For starters gays were never literally enslaved. Also not to diminish the pain of gay bashing and murders of LGBT people but it does not compare at all to lychings and Jim Crow laws. I think the biggest part is that historically not many people cared about gays and even now many gay people can’t be identified right away like a black person can be.
I am all for helping racial and sexual minorities but please don’t compare the two issues too much. They are related but oh so different.
http://www.entertonement.com/clips/swxzm…
Lest anyone think this post a serious comment about America, I direct your attention to this story from Louisville in 2007:
In a nation with nearly 800 streets name…
And that’s from a place that had direct ties with him. I-65 in Jefferson County the “Dr. Martin Luther King Jr. Expressway” but that’s just because it could be done at the state level
When they renamed a street for Muhammad Ali — who from Louisville — at least one business owner who opposed it remodelled his building so it opened to the other side so that his address didn’t have a black name.
2, 5, and 9:
It did happen. In Eugene and Springfield. Sometime in the last 10 years, Eugene changed the name of Centennial Blvd, which goes by UO’s football stadium. East of I-5, across the city line in Springfield, the street is still known as Centennial Blvd.
It was news. When it happened.

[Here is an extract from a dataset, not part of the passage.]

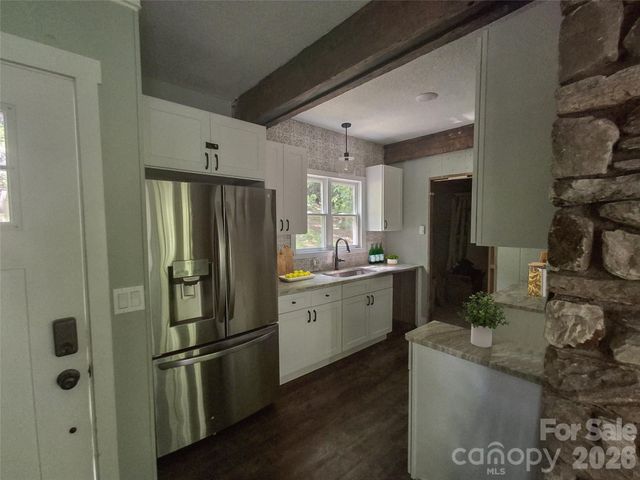 630 Shumont Road, Black Mountain, NC 28711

It allowed everyone on both sides of the debate to reinforce their stereotyped prejudices about people on the other side. And then it faded.
I always thought the purpose of naming a street MLK was to make it easier for folks to avoid the worst part of town?

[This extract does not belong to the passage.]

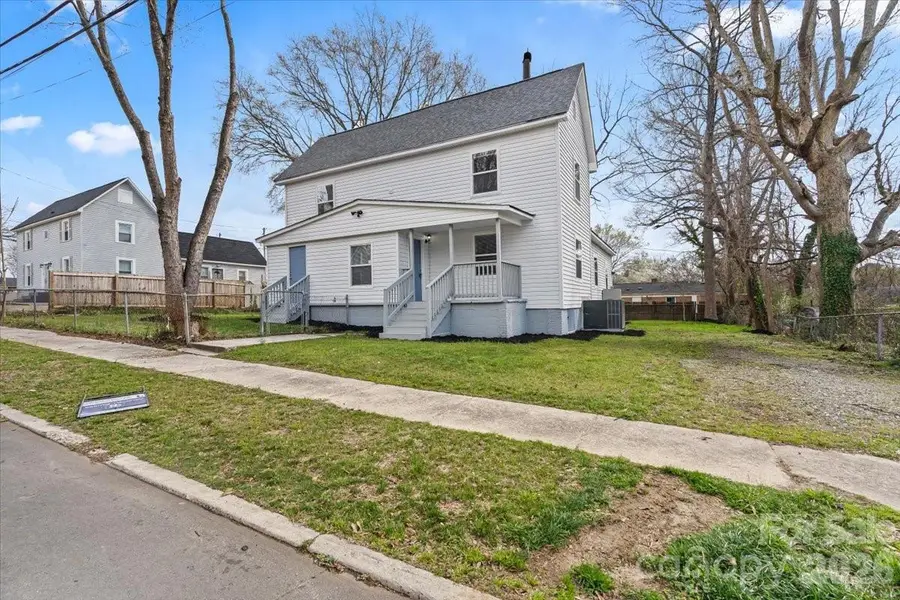 913 W 3rd Avenue, Gastonia, NC 28052 - #3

Hey, that’s my neighborhood post office. I never knew it was called “Piedmont”.
Okay, rewind, that was NOT meant as I now see that it sounds. That was not what was in my head as the words were typed. Thus the question to LC “They’re too busy working on one civil rights issue to take notice of another”?
My antagonism is solely directed at one individual alone and refers to comments in the DADT thread as well as many, many previous posts. My apologies for how this sounded but my intent was clear to me.
I fully expect to be shredded before I can get back to this post in several hours. Note to self, do not post when in a hurry.
In the words of MLK A right delayed is a right denied. That was what was going through my head as I typed the previous comment.
17 is right—it was Eugene/Springfield, Oregon. I just can’t find a free news link to it, only pay-for-view links. The year was 2003.